Love, But Not Like That

In the Arab world, family isn’t just important, it’s everything.
It shapes your identity before you even have a name.
You are not just you.
You are your mother’s son. Your grandfather’s granddaughter. Your father’s legacy.
You belong to something bigger, older, louder than your own desires.

To be a “good” child, especially a daughter, is to remember.
To stay close.
To carry what you’ve been given, even when it weighs heavy.

Then you move West, and meet a different kind of love.

Here, love means letting go.
Parents raise their children to leave.
To question. To wander. To become.
Boundaries are healthy. Freedom is sacred.
You’re taught to find your truth, even if it contradicts the one you came from.

In some American homes, children argue with their parents openly.
They move out at 18. They call their parents by their first names.
They say what they feel.
And none of it means they love less.
Because here, love isn’t measured by obedience.
It’s measured by honesty, even if that honesty creates distance.

But in Arab culture, love is devotion.
You don’t just love your parents. You owe them.
You care before they ask.
You don’t leave, or if you do, you return often.
Love is loyalty.

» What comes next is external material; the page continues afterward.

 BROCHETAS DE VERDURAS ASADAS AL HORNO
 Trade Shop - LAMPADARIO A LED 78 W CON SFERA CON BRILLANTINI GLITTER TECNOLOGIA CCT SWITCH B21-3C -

Love is sacrifice.
Love is silence when you want to speak.
Love is staying, even when everything in you wants to go.

I grew up between these two expectations.
One taught me loyalty.
The other, liberation.
And somewhere between them, I became someone who felt guilty for wanting space
and lost for staying too close.

My American friends say:
“Your family shouldn’t make you feel trapped.”
My Arab family says:
“Love is sacrifice, who are you without us?”

They’re both right.
And also: both incomplete.

Sometimes I wonder what it would feel like to belong to a family where I could say:
“I disagree.”
“I need space.”
“I love you, but not like that.”
…without it sounding like betrayal.

And sometimes I wonder if, in the Western pursuit of freedom,
something’s been lost
that deep, ancestral sense of responsibility
that reminds you: you’re never just living for yourself.

There’s no clean answer.
Only tension.
Only the hallway you stand in after a phone call with your mother
torn between love and resentment,
between the life you want
and the people who made you.

If you know that place
you’re not confused.
You’re just in between.
And in between is where so many of us live.